- _How to complete this task_
Your answer must be the full set of records, copied exactly, with no pictures in it.
::::
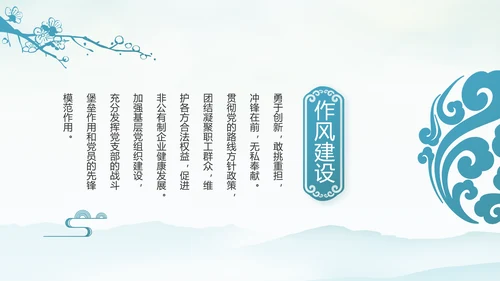 党建党风廉政学习教育动态PPT模板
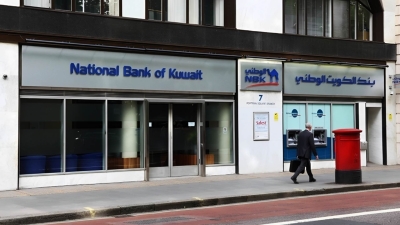 تسارع نمو بنك الكويت الوطني–مصر على مؤشر FirstBank المجمع للنمو خلال الربع الثاني 2023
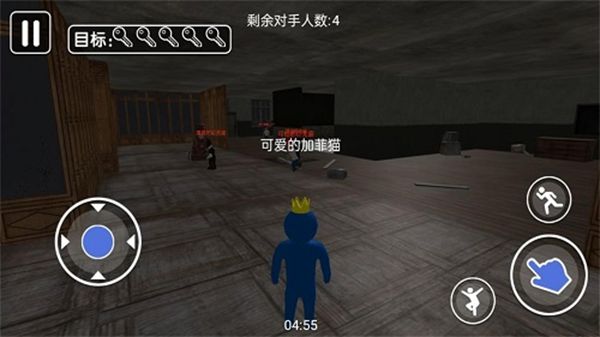 智斗小怪兽中文版安卓版v1.0.5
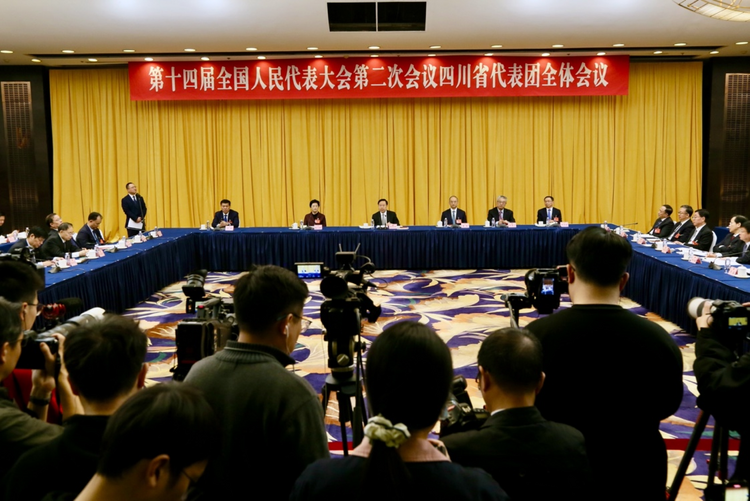 談完大事喜事 看萬千氣象的新四川——十四屆全國(guó)人大二次會(huì)議四川代表團(tuán)開放團(tuán)組會(huì)議側(cè)記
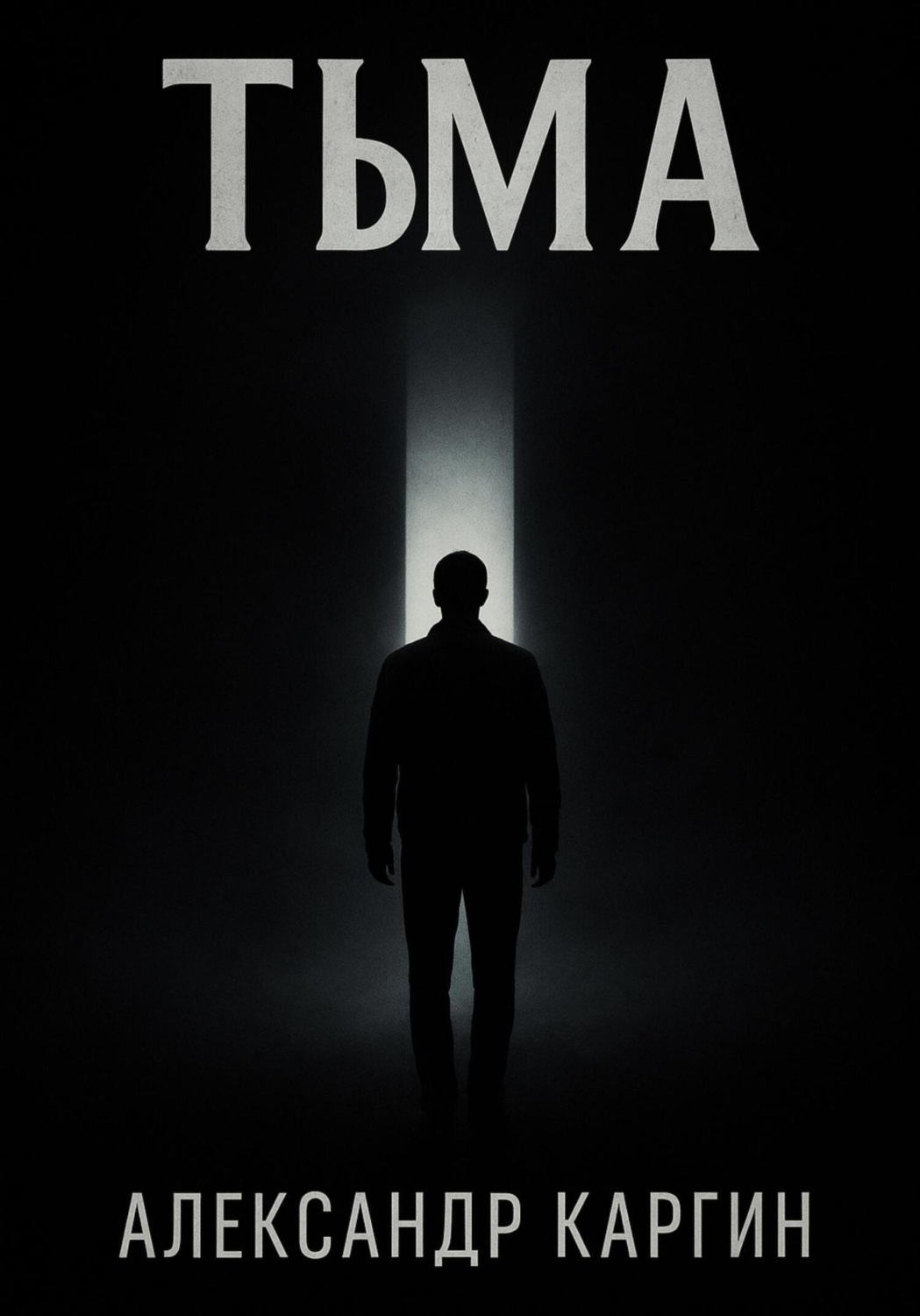 Обложка книги «Тьма»
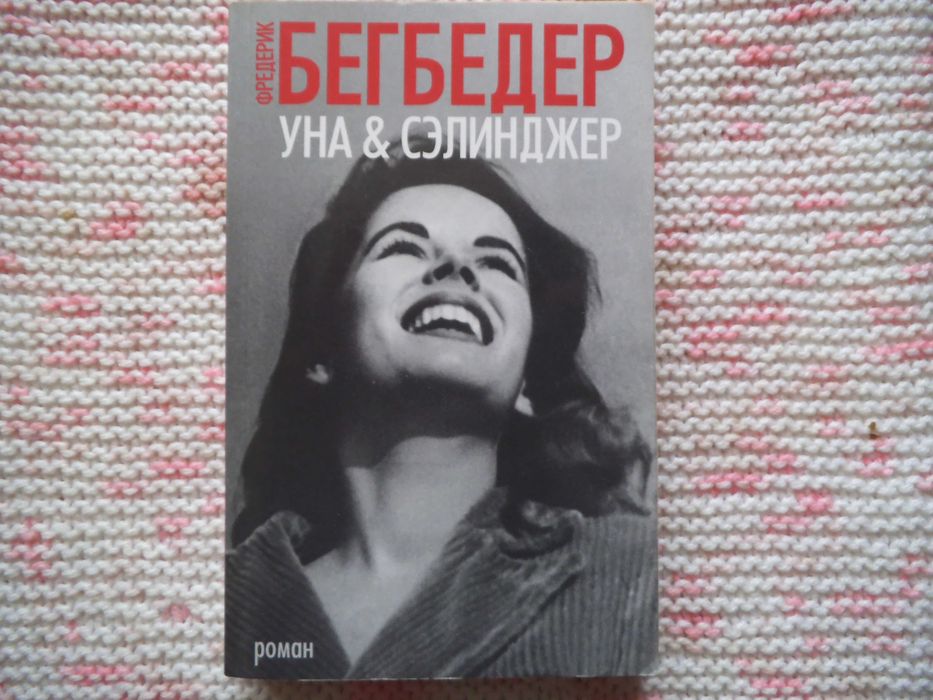 Ф. Бегбедер. Уна и Сэлинджер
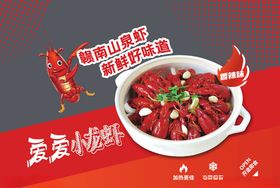 赣南山泉虾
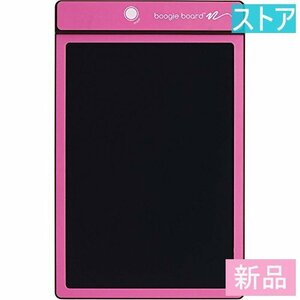  new goods * store * King Jim electron memo pad boogie board electron memory pad BB-1GXhin pink new goods * unused 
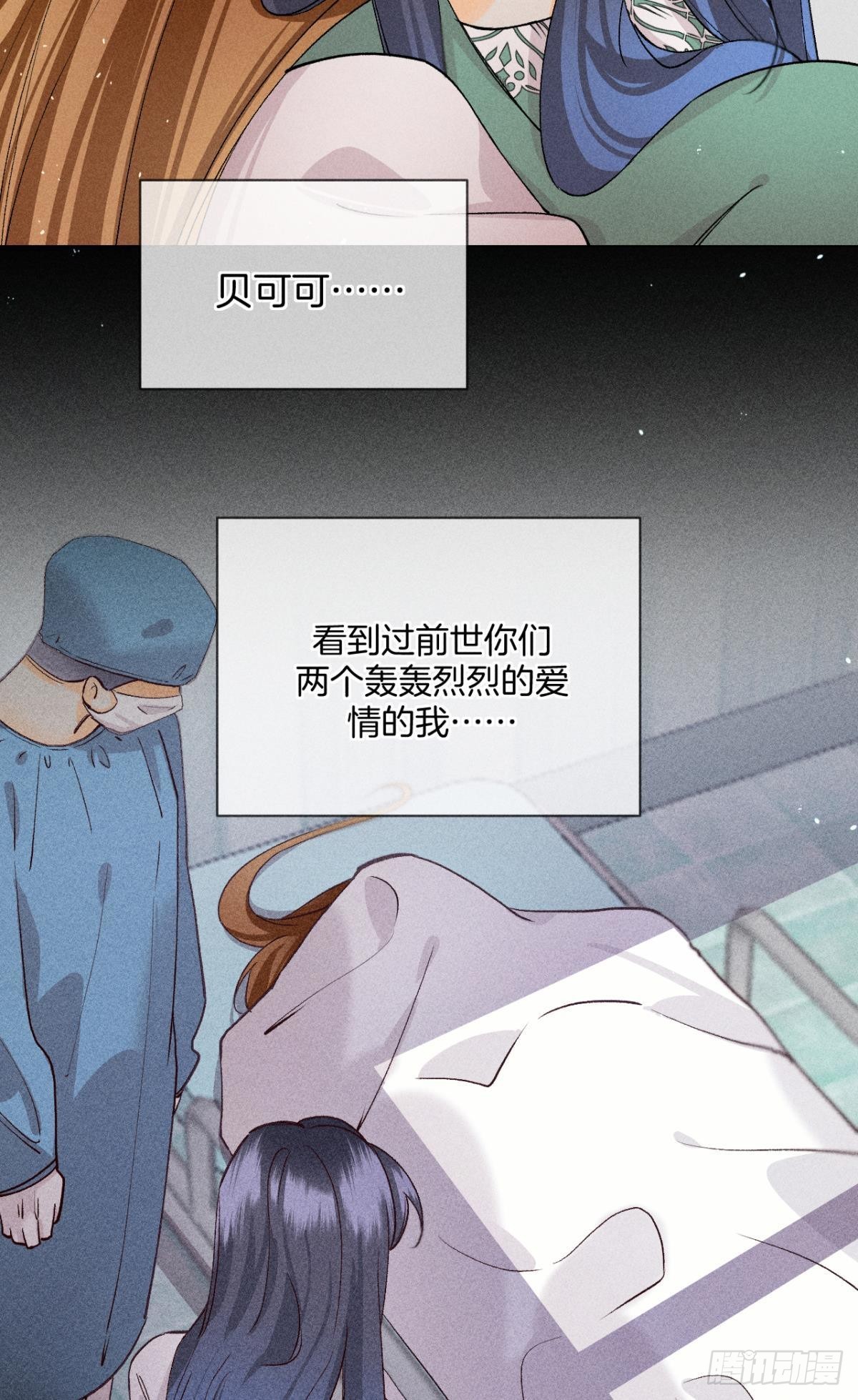再一次的选择30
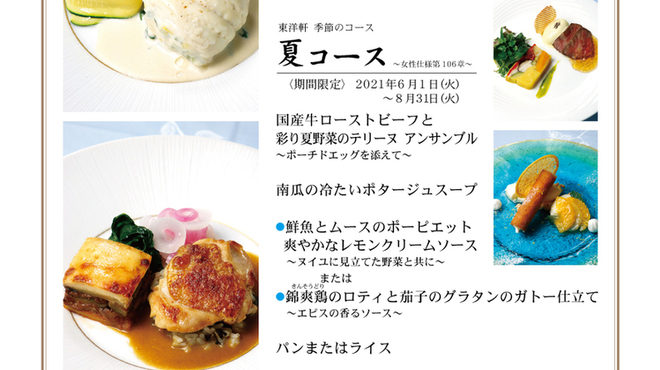 東洋軒 本店 Toyoken トウヨウケン 津新町 洋食 ネット予約可 食べログ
::::
- _Task result_
 党建党风廉政学习教育动态PPT模板
 تسارع نمو بنك الكويت الوطني–مصر على مؤشر FirstBank المجمع للنمو خلال الربع الثاني 2023
 智斗小怪兽中文版安卓版v1.0.5
 談完大事喜事 看萬千氣象的新四川——十四屆全國(guó)人大二次會(huì)議四川代表團(tuán)開放團(tuán)組會(huì)議側(cè)記
 Обложка книги «Тьма»
 Ф. Бегбедер. Уна и Сэлинджер
 赣南山泉虾
  new goods * store * King Jim electron memo pad boogie board electron memory pad BB-1GXhin pink new goods * unused 
再一次的选择30
 東洋軒 本店 Toyoken トウヨウケン 津新町 洋食 ネット予約可 食べログ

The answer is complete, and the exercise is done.